Debunked is a pretty steep term here. At best, you have a denial by the principal person involved, which is on par with “I didn’t have sex with that women” (thanks Clinton).

All that the online news got over the “mainstream” was an additional quote of denial, not unusual under the circumstances.

My feeling is wait until they get to training camp, and see what he actually does.

Anonymous Coward says:

‘journalism’ is another fossil of the past clinging to its rotting glory as the ‘only source for news.’ News is people, and people are now more connected than could have been thought possible so theres no need for these people nd their sources, you can go to the horses mouth so to speak.

what i think so many people don’t realize is just how revolutionary instant communication and all the various tools built on top of it are.

the people who grew up with the world in their pocket are going to change the face of humanity.

Anonymous Coward says:

What’s rotting journalism is the fact that news is no longer a day old for those that want it sooner. To compete with near real time means that fact checkers don’t have time to check facts. By the time they do, they’ve lost the scoop.

Since most of the old guard are still clinging to paper products, it’s become an expensive option. You can pay daily or annual rates for the news or get your news free for the cost of an internet subscription.

Most of the tv news is no longer a news outlet. It’s a corporation and government outlet to tell just what they wish told with the spin they wish on it.

Real, true, and accurate, investigative reporting isn’t done anymore. This was what kept the government in check. It’s also what kept the more outrageous things corporations do because to be exposed was to suffer the consequences. Now neither seem to have any accountability.

Journalism has failed it’s most basic value to news. It is no longer a valued job description because the news groups now pull their news from syndication. They’ve had to do so because they’ve fired most of the reporters in cost saving efforts.

out_of_the_blue says:

Since this is "sports", they're "mouse-hole keepers" at most.

Sports — and Techdirt — is a haven from the big old nasty world that you don’t want to understand, don’t want to even know about.

Know how many people died in Iraq today? — No, and you don’t care. At least in the Vietnam war, every nightly news show had a body count.

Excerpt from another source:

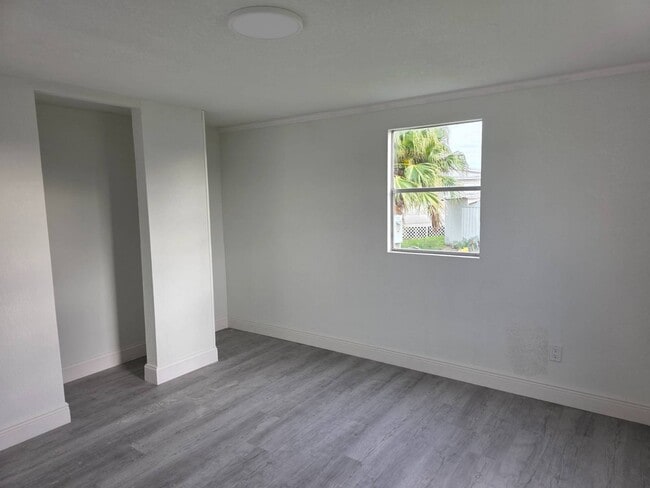 933 Chandrika Pl in Ruskin, FL - Building Photo - Building Photo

But the lesson of that was learned by the fascists, and now media outlets are firmly controlled, so the war — or whatever euphemism is current — drags on approaching twice as long as WW2.

Anonymous Coward says:

We also see instances where there are hundreds of fake accounts that claim to represent person x and they have followers in the thousands that know no different (or don’t care.) This is the new journalism? Picking through hundreds of accounts to get updates, and even those updates are frequently retracted (see entenmann’s recently.)

Somehow I’d like yet another medium shift. Twitter is several steps forward, several backwards.

txpatriot (profile) says:

So new media >>> old media. Seriously??

@Mike: thanx for the nine millionth blog entry about how the old media just don’t get it and how the new media are kicking their @$$. Y’know, it just might take 9,000,001 blog entries before this actually begins to soak in with your readers.

But that does beg the question: is it your readers who aren’t getting it, or you and the new media bloggers who aren’t getting it?